Segundo a diretora do Departamento de Homicídios, foi questionado ao policial se ele teve alguma motivação racial e ele negou.
— Nosso papel enquanto policias não é fazer juízo de valor. É ouvir as pessoas e ver se existem elementos que comprovem a versão. Os vídeos e imagens para nós são bastante claros. Houve um homicídio praticado com uma série de qualificadoras. O que estamos apurando são as motivações. Que houve um homicídio doloso para nós não há dúvida — afirmou Vanessa.
Giovane é mantido preso no Batalhão de Guarda da BM. Ele e Magno foram autuados pela Polícia Civil por homicídio triplamente qualificado: motivo fútil, asfixia e recurso que impossibilitou a defesa da vítima.
Além da investigação da Polícia Civil, Giovane teve a conduta avaliada pela Brigada Militar por meio de um processo administrativo disciplinar (PAD). Até ser preso, Giovane atuava no Departamento de Comando e Controle Integrado (DCCI), no monitoramento de câmeras, junto à sede da Secretaria da Segurança Pública do Estado.
— Ainda temos algumas diligências a fazer. Iremos trabalhar um pouco mais com depoimentos, verificar se será necessária a coleta de novas imagens. Para esclarecer não só por completo as circunstâncias, como a motivação da morte do João Alberto e responsabilização de cada um — disse a diretora do DHPP, delegada Vanessa.
O que diz a defesa
A defesa do policial militar temporário afirma que ele "não tinha a intenção" de matar. David Leal, do escritório Hoffmeister & Leal, diz que seu cliente "foi inexperiente" na ação em que desferiu vários socos na vítima, mas que a morte "foi um acidente".
Sobre a sequência de socos dados pelo PM na cabeça da vítima, o advogado defende que fez parte da "tentativa de contenção". O entendimento do advogado é de que o caso se trata "de uma lesão corporal seguida de morte" ou de um homicídio culposo, mas não de homicídio doloso — o que, para ele, é um excesso.
Já o advogado responsável pela defesa de Magno, Jairo Cutinski, adiantou que ele usará o direito constitucional de permanecer em silêncio e só falar durante o processo. Por isso, ele não foi ouvido pela Polícia Civil.

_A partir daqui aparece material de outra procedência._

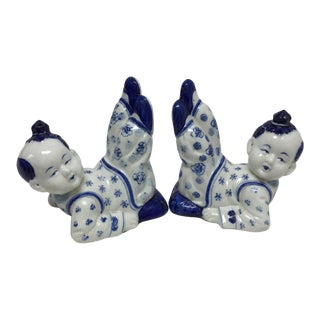 Antique Chinoiserie Chinese Porcelain Acrobats Bookends - a Pair For Sale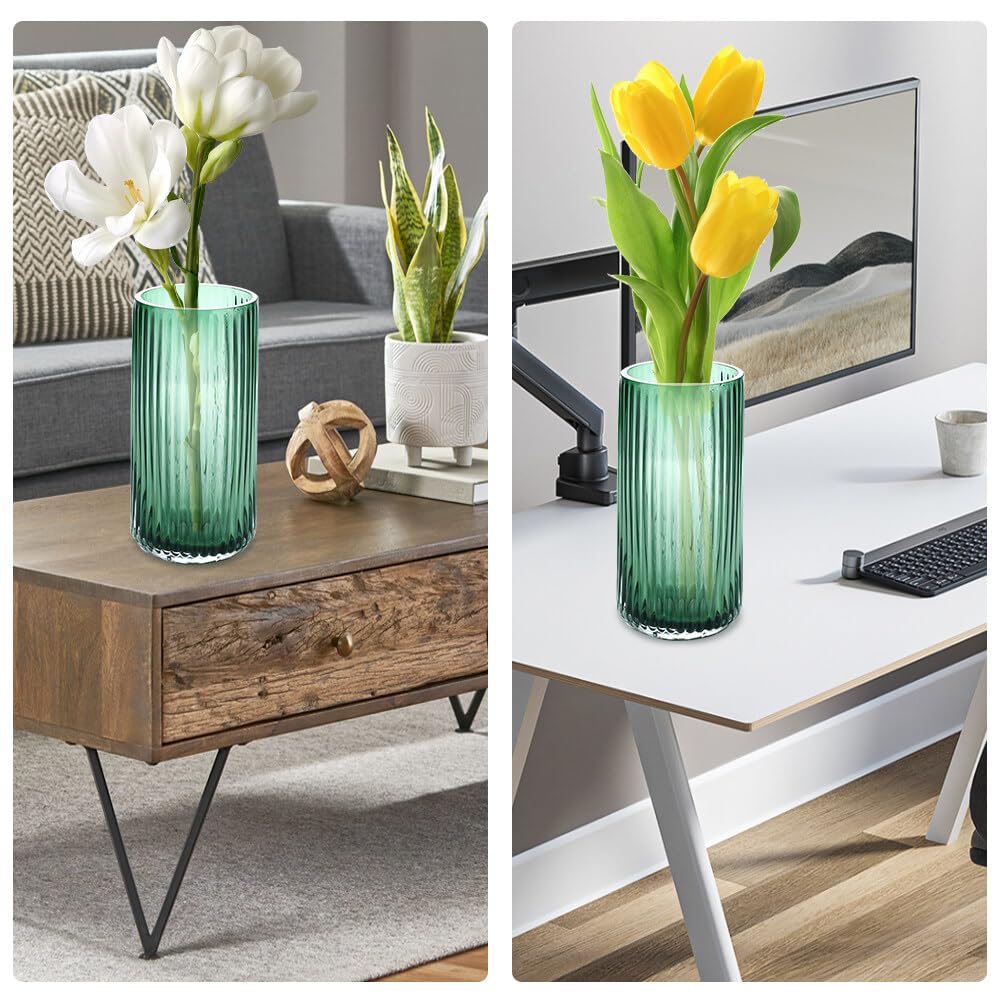 Vase En Verre Vert XPJBKC - 20cm Hauteur - Soufflé Main - Style Rustique - Décoration Maison Cadeau
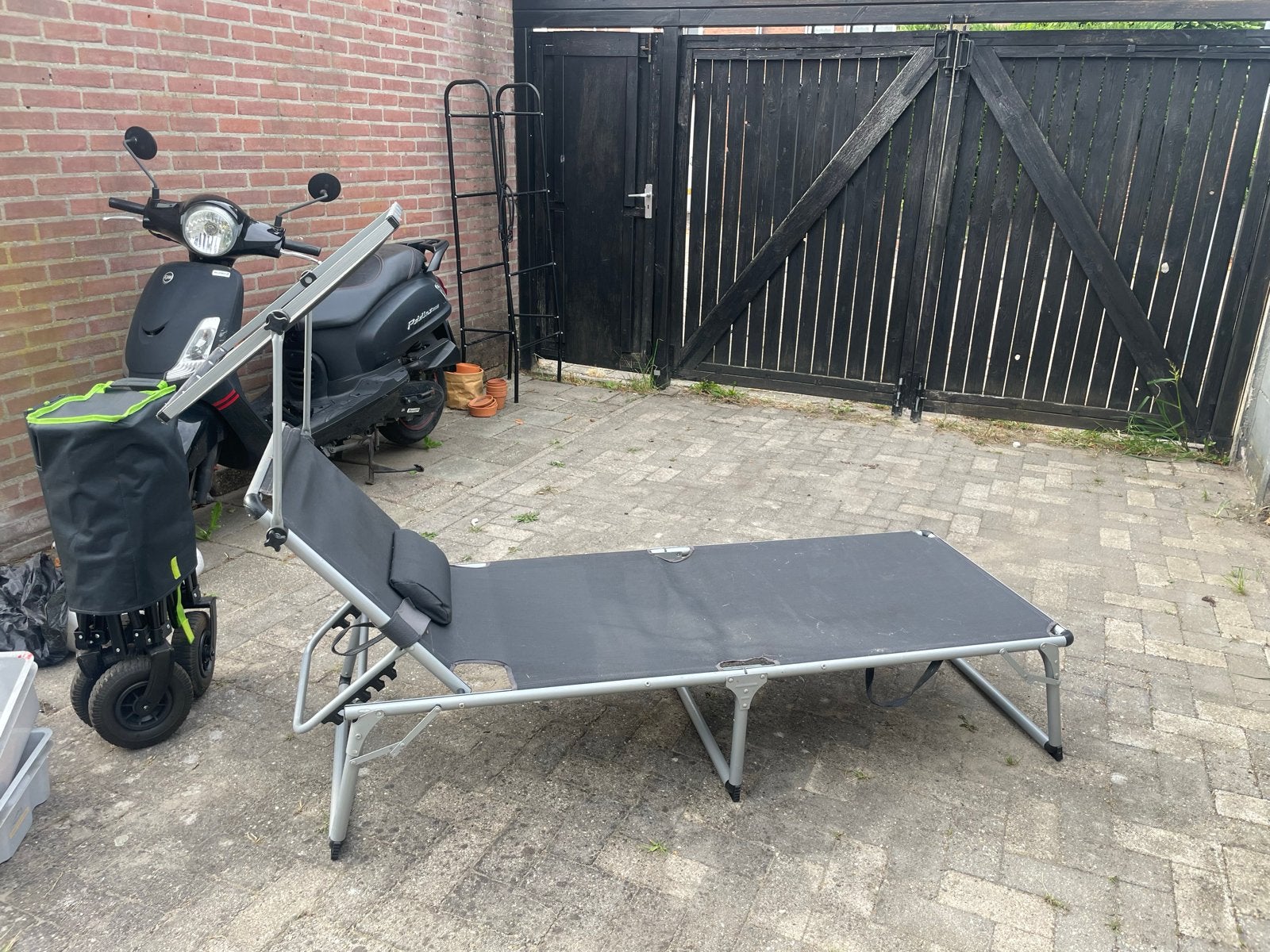 Lichtgewicht opvouwbare strandstoel met zonnescherm, Ophalen, Gebruikt, Aluminium, Inklapbaar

Segundo o Grupo Vector, que prestava serviços para o setor de “prevenção e perdas” no Carrefour, os dois “tinham a função de fiscal de piso” e as anormalidades deveriam ser reportadas “para a segurança do estabelecimento”. Eles foram desligados da empresa após o caso.
Processo na BM
O Comando da Brigada Militar afirmou que decidiu pela expulsão de Giovane do quadro funcional. Nesta sexta-feira, Giovane foi comunicado formalmente desta decisão. A partir de agora será aberto prazo de três dias úteis (a contar de segunda-feira) para que a defesa dele apresente recurso.
Confira a nota da BM:
"Na última quinta-feira(26), o Comando da Brigada Militar emitiu decisão desfavorável, no Processo Administrativo Disciplinar (PAD), ao Militar Estadual Temporário que, de folga, participou das ações que culminaram com a morte de João Alberto Silveira Freitas no dia 19 de novembro. Hoje, sexta-feira (27), o Militar Estadual foi cientificado formalmente da decisão.
A partir de agora será aberto um prazo de 3 dias úteis (a contar de segunda-feira) para possibilidade de recurso por parte da sua defesa. A Brigada Militar ressalta que esses são passos do processo demissionário, que não podem ser eliminados, para respeitar as exigências legais de ampla defesa."
A investigação
Segundo a Polícia Civil, até o momento, já foram ouvidas 34 pessoas - entre elas, a esposa da vítima e funcionários do Carrefour, como seguranças e caixas, além de clientes e suspeitos. Nessa quinta-feira, a Justiça autorizou a prorrogação da investigação por mais 15 dias.
Além dos depoimentos coletados, já foram analisadas cerca de 10 horas de imagens de câmeras de segurança fornecidas pelo mercado à polícia. O celular da fiscal Adriana Alves Dutra, 51 anos, também é analisado para saber se foram gravadas imagens do momento das agressões.
A análise preliminar da perícia apontou asfixia como causa provável para a morte de João Alberto. Mas ainda são realizados outros exames. A polícia aguarda ainda alguns laudos periciais, como necropsia, laudo de local do crime e de perícias laboratoriais.